YOUR TASK – The copy must match the data below line for line and contain no images.

INFORMATION SHOWN –
--*--
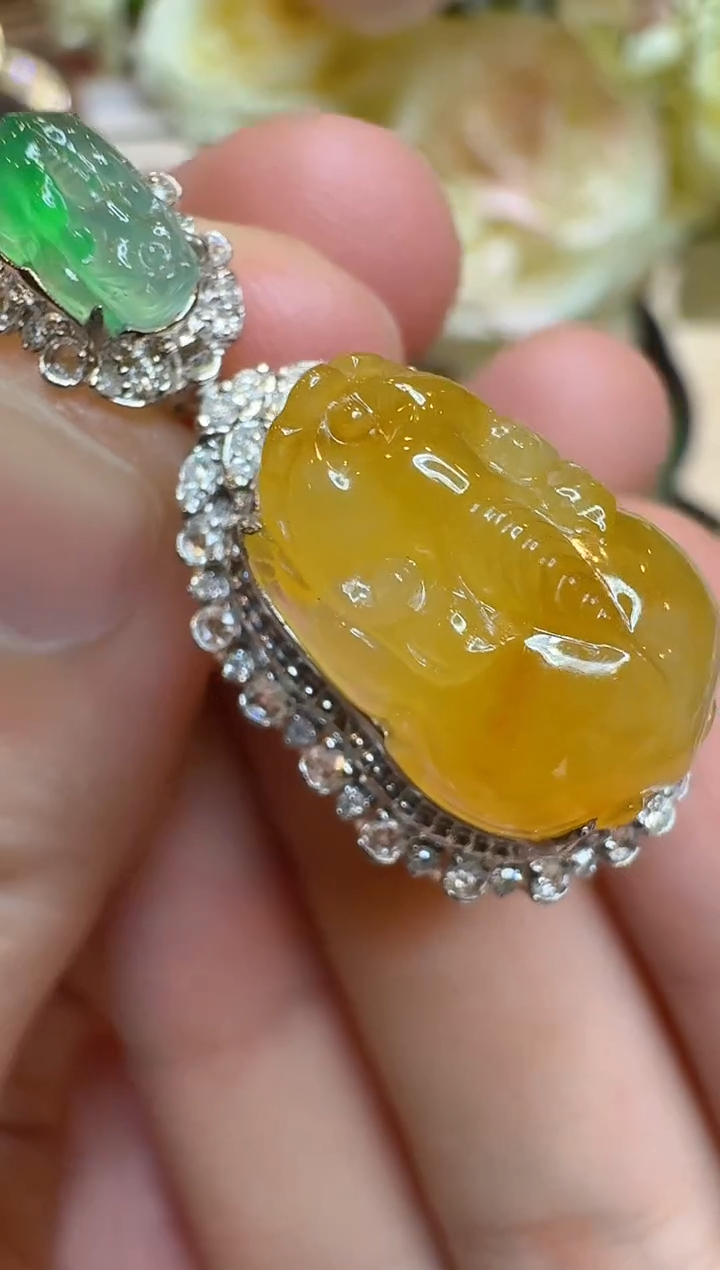 【闪购商品】翡翠吊坠(不含链)18K金镶嵌多样性团购发一件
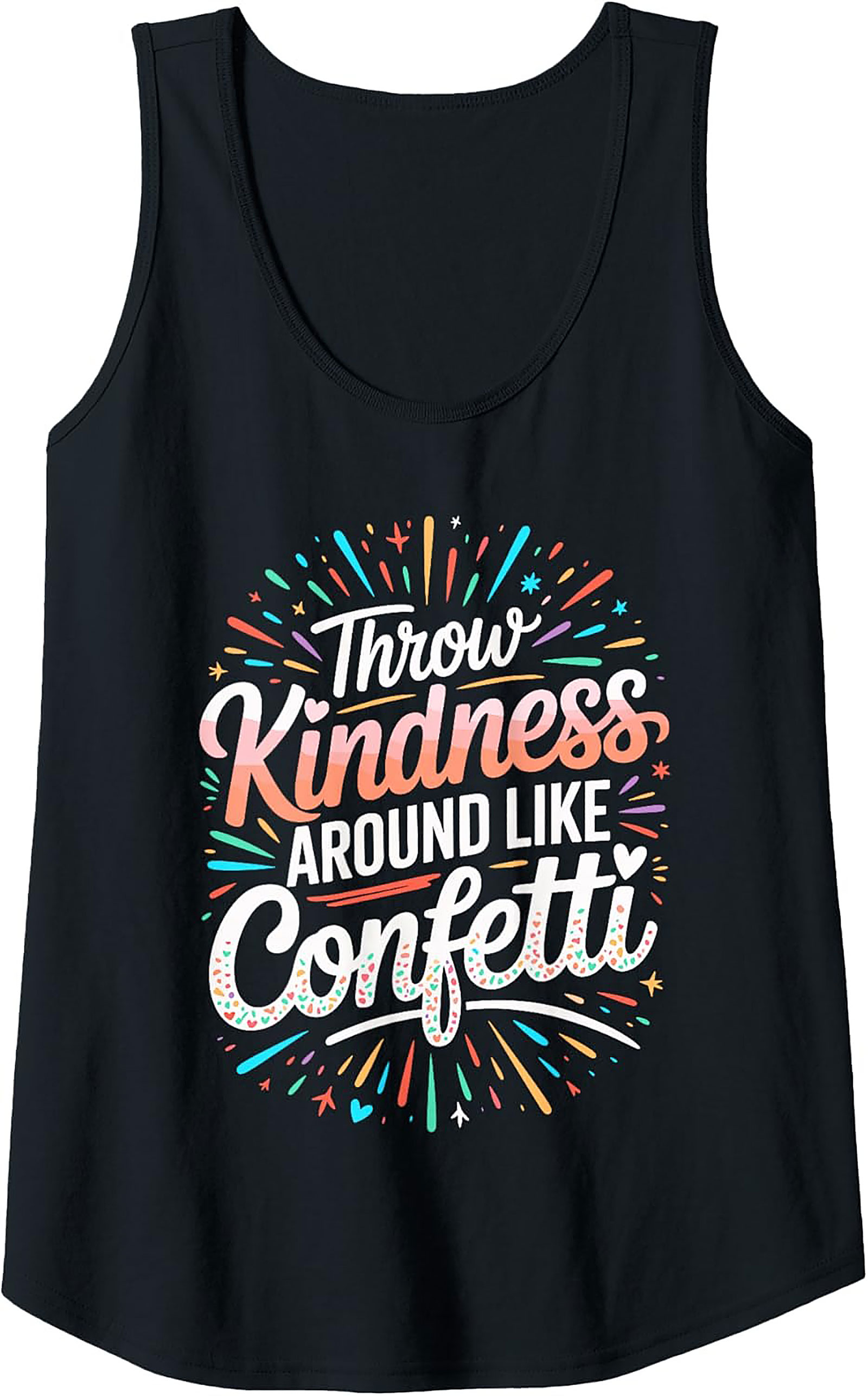 Kindness Confetti Graphic Tank Top | Positive Sleeveless Shirt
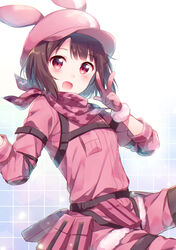  :d animal_ears arm_belt bandana belt belt_pouch black_hair blush breast_pocket camouflage chest_belt commentary_request elbow_pads female fur-trimmed_gloves fur_trim gloves hazuki_(sutasuta) highres llenn_(sao) long_sleeves military military_uniform open_mouth pants photoshop_(medium) pink_bandana pink_gloves pink_headwear pink_pants pink_shirt pocket pouch rabbit_ears red_eyes shirt short_hair sitting smile solo sword_art_online sword_art_online_alternative:_gun_gale_online uniform v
--*--
RESPONSE BELOW –
 【闪购商品】翡翠吊坠(不含链)18K金镶嵌多样性团购发一件
 Kindness Confetti Graphic Tank Top | Positive Sleeveless Shirt
  :d animal_ears arm_belt bandana belt belt_pouch black_hair blush breast_pocket camouflage chest_belt commentary_request elbow_pads female fur-trimmed_gloves fur_trim gloves hazuki_(sutasuta) highres llenn_(sao) long_sleeves military military_uniform open_mouth pants photoshop_(medium) pink_bandana pink_gloves pink_headwear pink_pants pink_shirt pocket pouch rabbit_ears red_eyes shirt short_hair sitting smile solo sword_art_online sword_art_online_alternative:_gun_gale_online uniform v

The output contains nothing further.